This quick meal reminds me of a sizzling July and August spent travelling through Mexico, Guatemala, Belize and Cuba. I pretty much survived on sweetcorn, mango and fresh coconut sold from street carts; and black beans, chilli and lime were present at most other meal times.
The mango, coconut and corn salsa sits next to sea bass, which is steamed with a grating of ginger and lime on top, and some warm cauliflower ‘couscous’, lifted and matched to the rest of the meal by coriander’s strong aroma.
All in all, it’s a relatively light but nourishing meal full of banging flavours. Something to cheer the palate, stomach and soul during this particularly dismal, grey month.
Steamed sea bass, coconut, mango & corn salsa
For the salsa
- 200g mango, diced into 1cm cubes
- 160g sweetcorn (from a tin is fine)
- 160g black beans (cooked, drained weight – again, from a tin is fine)
- 1 mild/medium red chilli
- 1/2 small red onion, very finely diced
- Leaves from 4 sprigs of coriander, picked
- 80g fresh coconut, sliced 2-3mm thick
- 1 lime, juiced
- 1 tablespoon extra virgin olive oil
- Sea salt
For the cauliflower rice
- 250g cauliflower
- Leaves from 3 sprigs coriander, roughly chopped
- Sea salt
- For the fish
- 4 sea bass fillets
- 1 lime
- 3cm ginger, peeled and finely grated
Put all the ingredients for the salsa in a bowl and mix well. Season to taste with a pinch of salt. A snack box of pre-diced coconut, is ideal; just cut each cube into thin slices. Otherwise, get involved with a hammer … or just add a handful of raw coconut flakes.

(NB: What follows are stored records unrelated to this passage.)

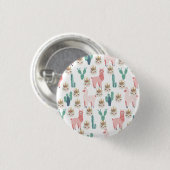 Schattige Roze Lama's en Groene Cactus Ronde Button 3,2 Cm (Voorkant /achterkant)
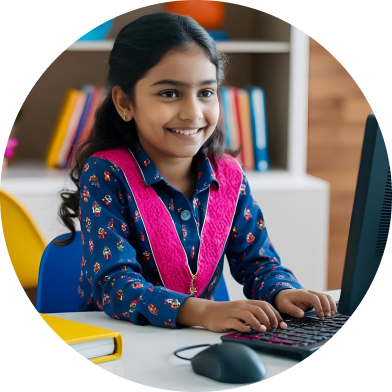 Girl typing on keyboard in classroom, smiling and looking forward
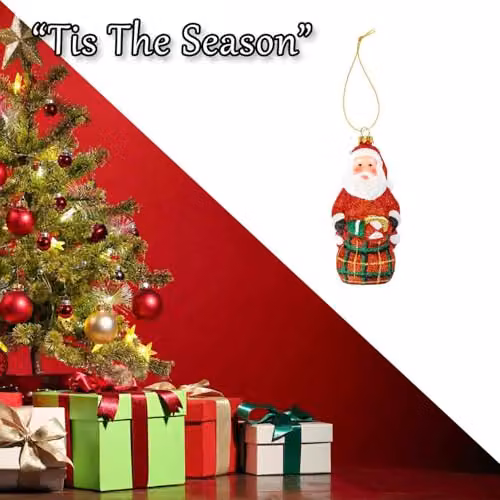 VFM e-Store Glitter Santa with Sack Christmas Tree Decoration, Red, H 14 x W 6 x D 6 cm – 6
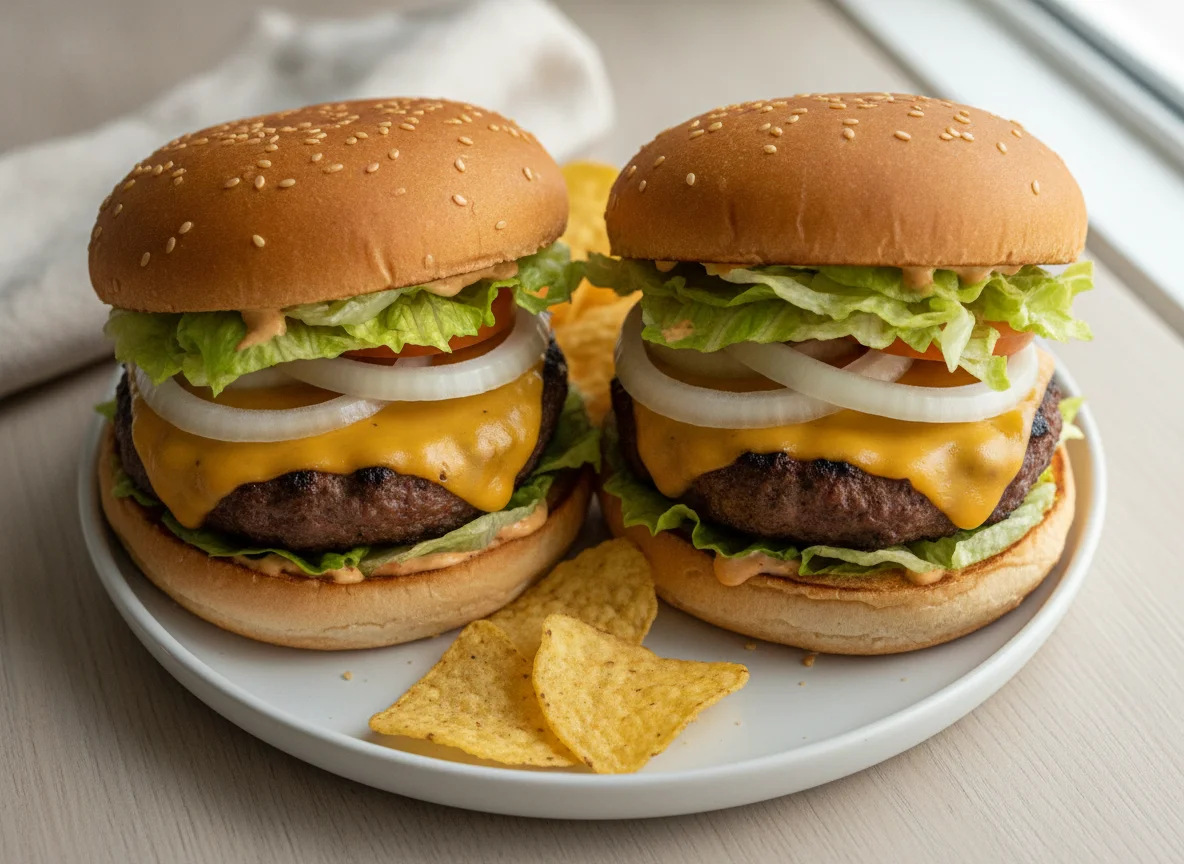 Cheeseburgers with Lettuce and Onion photo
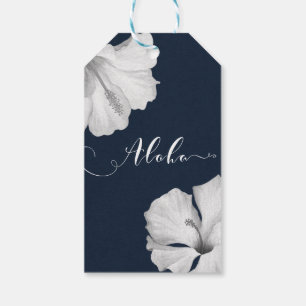 Etiquetas Para Regalos Boda tropical azul hibiscus blanco Aloha Favor
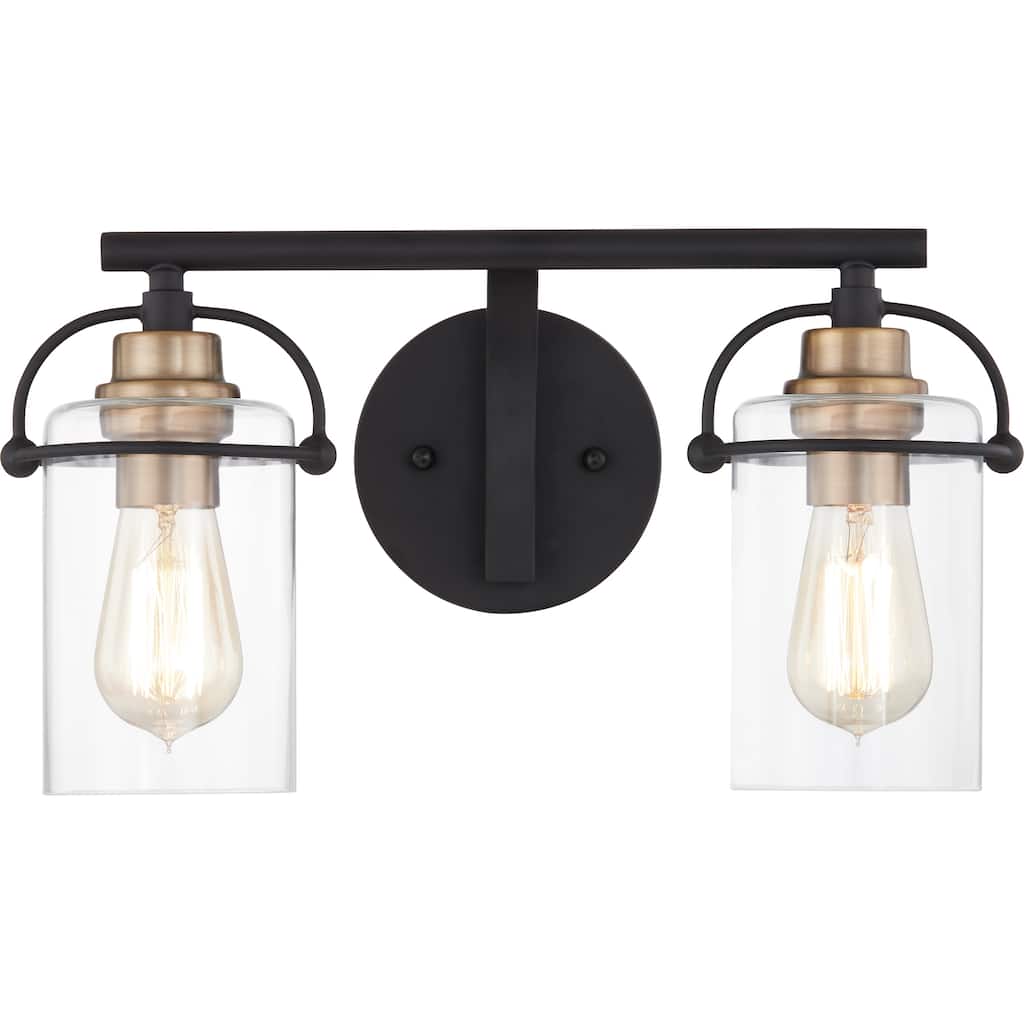 Emerson 2-Light Matte Black Vanity Light - Matte Black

Place a saucepan of water on to boil for your steamer.
Prepare the cauliflower by blitzing 250g of fresh florets in a food processor until it resembles couscous. Put into a bowl and cover by 1cm with boiling water. Leave to warm for 2 minutes, then drain through a sieve. Transfer to a bowl, add a heavy pinch of salt and the chopped coriander. Mix.
Trim any scrappy bits from the sea bass fillets, then lay them, skin down on a piece of greaseproof paper that will fit in the steamer basket (you may need to use two baskets, one on top of the other, or to cook the fish in two batches). Spread the grated ginger over the flesh of the fish, then grate the zest of a lime over the top.
Pick up the paper and place in the baskets, then steam the fish with a lid on for 2 to 2 1/2 minutes; as soon as the fish’s flesh is opaque and firm, it’s cooked. You will be able to easily peel the skin off, if you wish. Season each fillet with a good squeeze of lime.
Serve up, filling bowls with equal amounts of salsa and cauliflower rice, with the steamed sea bass on top.